So that led me to a bit of a consulting career, working with organizations to develop their sales and marketing practices. And then a couple of years ago, I decided I really wanted to get into a long-term role and join an organization where I could have a good tenure with, and be part of something from a longevity perspective, rather than going in and fixing and putting things in and then putting it in the hands of somebody else, to really see the long term development.

I’ve been familiar with Turnitin since probably the late nineties. So when Turnitin was first founded, I’ve seen Turnitin grow up as a company and mature. So it was good to join them and get on the other side of that. And now I lead the sales and development practice here at Turnitin, which is part of the RevOps organization here. 

Anthony, as you mentioned, you have extensive experience in enablement and you also have a very clear vision for your enablement strategy at Turnitin. What are the core components of your strategy and what are the key strategic initiatives you’re focused on driving this year through enablement?

AD: It’s first important to say that when I joined the organization around just under three years ago, this strategy wasn’t what I led with initially. I led by really trying to figure out where the organization was at, what the goals of the org were, and figuring out some of the kind of key gaps initially that we needed to put in place in order then to be able to develop a strategy for the long term.

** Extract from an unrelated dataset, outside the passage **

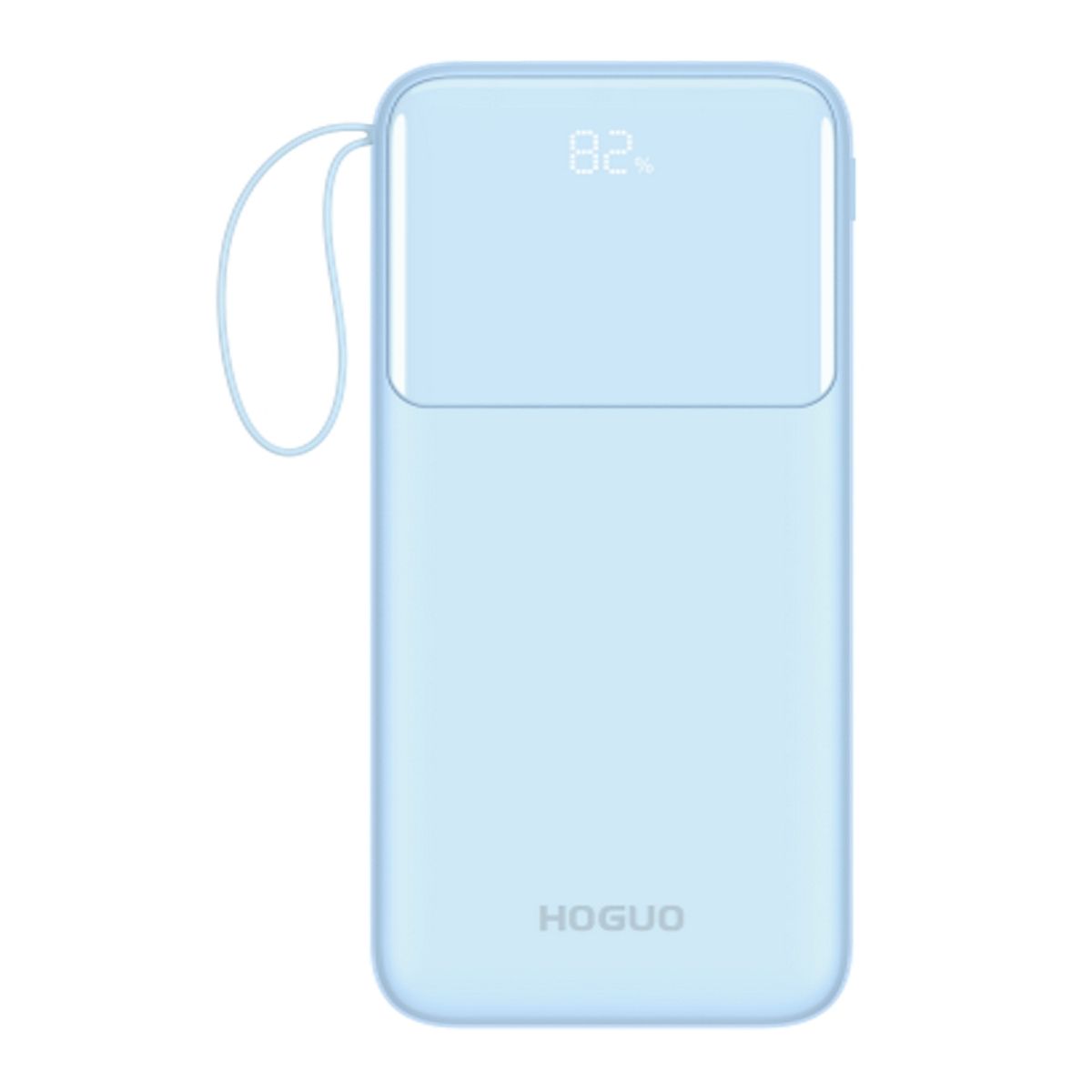 HOGUO - Hoguo - Powerbank 22.5 W Display LED Carga Rapida 20000mAh ccables - Azul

So we focused initially on some of the competency development and a competency framework around what we wanted to really be driving in terms of our sales process and the skills underneath that. And then at the beginning of this year, I got together with my team ahead of the sales kickoff to really develop the sales and neighborhood strategy that would take us from 2024 through to 2026.

And where we’ve landed with that, is we’ve got three pillars in the strategy. The first of those is: align and engage. And that pillar is around really aligning with the different sales regions, the different sales leaders, and, factoring in their regional intricacies and figuring out where their teams are at. And engaging those teams in a dialogue for development, for increasing all the key metrics and KPIs that you would expect. 

And then really moving into the next pillar, that’s around educating and inspiring, so it’s: educate and inspire. And that area is really around developing the training programs that will be inspiring sellers to engage and to develop their skill sets. The aim of, obviously, to develop the sales practice. 

The next pillar underneath that is: elevate and impact. And that’s really where the rubber meets the road, right? It’s about. impacting results and elevating the practice to a world-class sales level. So when I was hired, the MO was to develop a world-class selling organization that other people in the ed tech industry would recognize and want to be part of and want to come here because of the way that we do sell and the level of practice that we have.

So that last pillar is about getting us there. Now, some of the initiatives, obviously that come under that, there’s many initiatives that we have. Some of those range from, at the align and engage level, just having a regional management cadence, so having a regular cadence. We restructured our sales enablement team to have a regional sales enablement manager in each one of our three key regions.

And what we’re really looking to do is have that regular cadence with the first-line managers to understand what’s going on, and get coverage on where the sellers are at from a competency perspective and a sales capabilities rating. And then see what, we can drive programmatically down from that.

Then we feed that into the next pillar, which is obviously, the education-focused pillar, the educate and inspire, where we’ll be looking to drive tailored training programs and we’ll be driving that through Highspot. And then obviously as we get to elevating the practice and driving impact, some of the things that we’re exploring there in terms of initiative is looking at Meeting Intelligence to figure out, where there’s coaching opportunity and where we can really drive that elevation of practice.

Amazing, and I love how you really centered them around those three core principles. How does your enablement platform, Highspot, help play a role in effectively executing your enablement strategy and supporting your strategic initiatives? 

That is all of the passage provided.